I think it’s safe to say that I’m doing Good Things here. While I’m not reducing carbon dioxide emissions, housing the homeless, or bringing literacy to the countryside, I am helping to make quality music happen in Beijing and beyond. I feel like I’ve done a decent job presenting good acts in Beijing and representing the best of Beijing rock to European audiences through the tours I’ve organized for Subs; I’ve added to the quality of life for those living in this city, albeit in a cultural way rather than an environmental or monetary one. There are also others who are doing Good Things musically here, and I believe our efforts are acknowledged and rewarded, not through pats-on-backs or a substantial salary, but through a common understanding that we are fighting the good fight and will continue to do so with an ever-increasing ease of getting Good Things Done.

But then I get forwarded something like this “press release” recently, about “a ground-breaking production that is making both cinema and music history”: A self-produced documentary about a foreigner in the Chinese rock scene. As I scan the lines — “The new rock revolution…is on the way”; “Eastern and Western cultures are brought together in way never witnessed before” — all I can think of is: What have I spent the past half-dozen-odd years of my life doing? Once again, I find myself shouting at the screen, like I find myself doing all too much when I’m reading reports on Chinese music. It’s an unhealthy habit I have: I take things far too personally. But what’s even less healthy is the stuff that’s eliciting my unhealthy reaction.
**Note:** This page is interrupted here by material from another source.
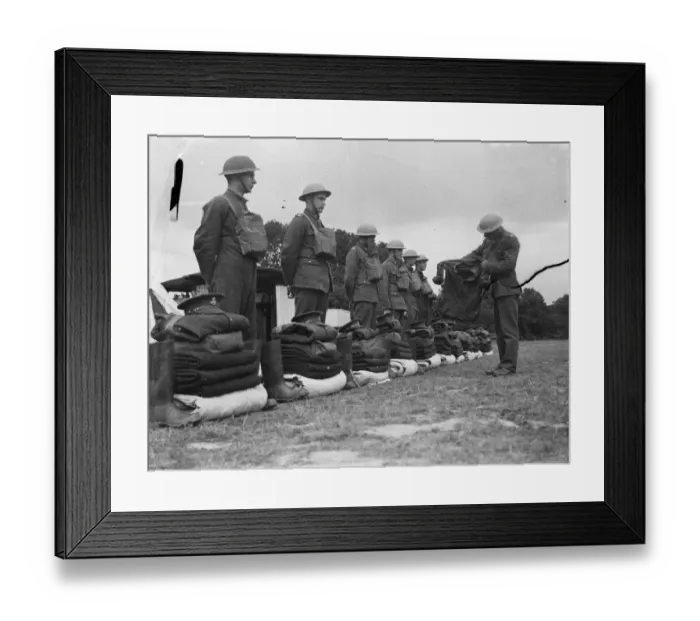 Framed Print : Territorial Army recruits at camp in Chichester, Sussex. Kit inspection. 1939 Framed Print : Territorial Army recruits at camp in Chichester, Sussex. Kit inspection. 1939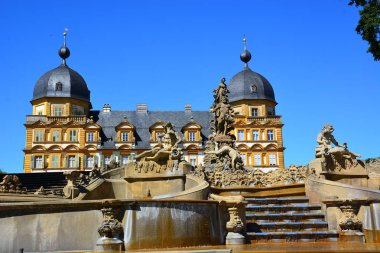 Bamberg, Almanya - Barok Schloss Seehof palace yanında üst Franconia, Almanya Bamberg şehir tarihi, Bavyera, bölge görünümünü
When I read lines like “potentially the biggest thing to happen to China music” and “the hottest army of…artists in China”, I know that, likely, many people will believe it. I know better, but then, I’m one of the very few people (relatively speaking) who would — and of the few people who’ve read it, I’m probably the only one who is taking it personally, but then, that’s what this missive is about. I see the list of participating artists, most of them asterisked names still waiting to be confirmed, and I know that they’ll likely never give their permission, but it doesn’t matter, really, because nobody outside of Beijing has heard of anyone, asterisked or not.
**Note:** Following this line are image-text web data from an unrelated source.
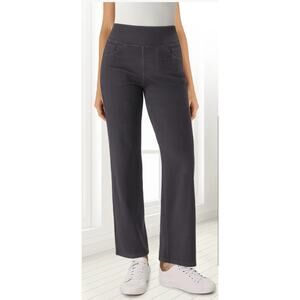 Ease Trousers Women's High Waisted Straight Leg Stretchy GrayPants Size Large
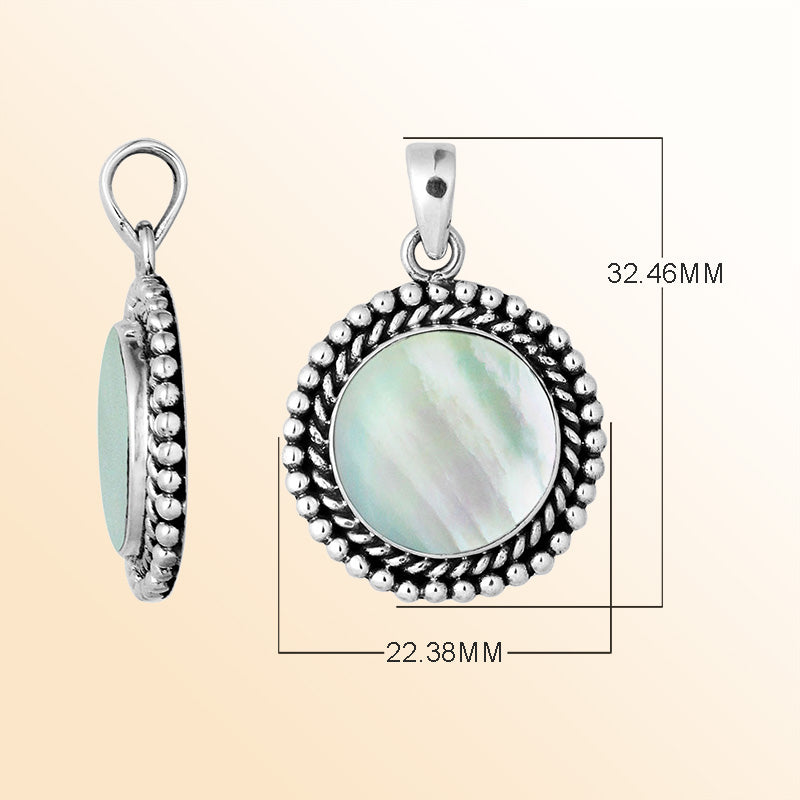 Sterling silver round pendant with mother of pearl and rope beaded silver frame handcrafted in Bali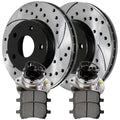 AutoShack Front Wheel Bearing Hubs Drilled Slotted Rotors Black Ceramic Pads Kit Driver and Passenger Side Replacement for Saturn Aura 2004-2012 Chevrolet Malibu 2006-2010 Pontiac G6 V6 FWD RHBBK0721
To the film festival circuit, the hype combined with a dearth of information available about China (and even less China music-related information) will mean that audiences and judges are sure to eat this stuff up because, well, what else is there? One hopes that the audience would know enough to tell when something smells rotten, but then again, it’s best not to subject anyone to anything remotely rotten-smelling in the first place. But here’s where I worry: There’s a dish in China called Stinky Tofu. They say it doesn’t taste nearly as bad as it smells. And I can tell you that while what “they” say is absolutely true, until you’ve taken in a noseful of the stuff up close — despite the screams from their olfactory systems, people (yup, me too) are willing to scrunch up their honkers and dig in to that first bite — you won’t know how little that’s actually saying.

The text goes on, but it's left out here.